Los demonios no te odian ni te aman, te usan.

Pensar que Park y yo podríamos irnos un día de esa mierda sabía a chocolate y miel cada noche que nuestros cuerpos coincidían en perfecta armonía. Sus padres estaban conectados en La Cofradía, eso era claro pero nunca hablaba de ellos. Veíamos “Natural born killers” en Youtube y fuimos Micky y Mallory tantas veces, planeamos cientos de atracos, desde el restaurante de Juan, al que siempre dejábamos vivo, hasta el antiguo Banco Nacional de México, que sonaba mejor que CitGroup Banamex, donde Park tenía una cuenta registrada, nunca me platicó como logró obtener sus papeles tan rápido, nunca pregunté.

Un día me citó en el patio trasero de la cocina, me explicó una mierda así como que sus padres lo querían obligar a casarse con la hija de uno de los jefes de La Cofradía, que él no quería pero que si no lo hacía lo pasaría muy mal, que la chica era pariente de un coronel del ejército chino y que no tenía alternativas, que debía irse del restaurante al día siguiente pero que con el tiempo regresaría y que podríamos seguirnos amando en secreto… Nunca supe como, pero al parecer le rompí dos costillas y tumbé 5 dientes, creo que 3 se los pudieron reinsertar esa misma noche cuando lo atendió un dentista de La Cofradía, con la boca ensangrentada aseguró que me mataría, ese era el verdadero infierno, esa mirada de odio de la persona a la que yo amaba, ¿cómo pude ser tan estúpida?

Al otro día Juan me encerró, me mandaba comida con una tal Mei Lian, solo podía salir a bañarme una vez por semana, duré dos meses en el encierro, hasta que un día Mei Lian me dijo que La Cofradía me había perdonado la vida por el engaño de Park, pero que ahora trabajaría de puta… siempre puede ser peor cuando se desciende al infierno.

REGRESO AL ÍNDICE

2 responses to “Los demonios no te odian ni te aman, te usan.”

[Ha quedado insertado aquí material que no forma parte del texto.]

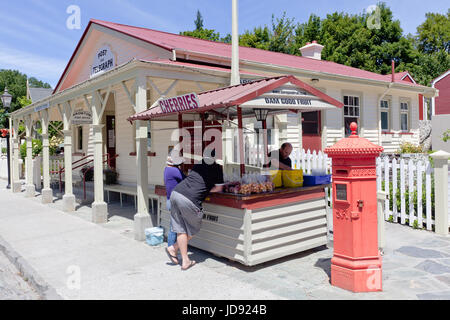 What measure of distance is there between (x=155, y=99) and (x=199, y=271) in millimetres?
7138

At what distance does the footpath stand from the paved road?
113 millimetres

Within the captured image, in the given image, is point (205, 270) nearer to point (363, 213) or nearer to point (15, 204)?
point (363, 213)

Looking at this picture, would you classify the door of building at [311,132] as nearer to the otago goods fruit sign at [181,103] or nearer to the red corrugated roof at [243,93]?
the red corrugated roof at [243,93]

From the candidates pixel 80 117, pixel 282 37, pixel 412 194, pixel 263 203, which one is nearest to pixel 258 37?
pixel 282 37

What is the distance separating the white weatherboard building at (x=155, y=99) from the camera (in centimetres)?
838

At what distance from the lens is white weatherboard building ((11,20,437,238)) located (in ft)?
27.5

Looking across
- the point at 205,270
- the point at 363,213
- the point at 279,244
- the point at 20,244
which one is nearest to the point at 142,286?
the point at 205,270

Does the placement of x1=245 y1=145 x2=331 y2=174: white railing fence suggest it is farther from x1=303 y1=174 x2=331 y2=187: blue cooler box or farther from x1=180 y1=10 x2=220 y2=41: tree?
x1=180 y1=10 x2=220 y2=41: tree

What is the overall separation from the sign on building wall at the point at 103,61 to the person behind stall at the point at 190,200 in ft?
Result: 28.4

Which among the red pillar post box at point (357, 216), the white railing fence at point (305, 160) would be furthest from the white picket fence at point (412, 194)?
the red pillar post box at point (357, 216)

  1. […] Un día llegó un chico nuevo de Cantón, no era tan hermoso como Peter, pero era guapo y alto, lo primero que ví fue su sonrisa al verme. Juan Lee lo trataba bien al grado que solo pasó una semana en la cocina antes de irse de mesero, no tenía oportunidad, me enamoré y le entregué mi virginidad una noche, me prometió casarse conmigo al salir de ahí, me hablaba de un restaurante y me escuchaba hablar de mis libros. ¿Cómo no quererlo si entre duendes, había un ángel que me quería y deseaba? ¿Cómo iba yo a saber que era el demonio de este círculo? […]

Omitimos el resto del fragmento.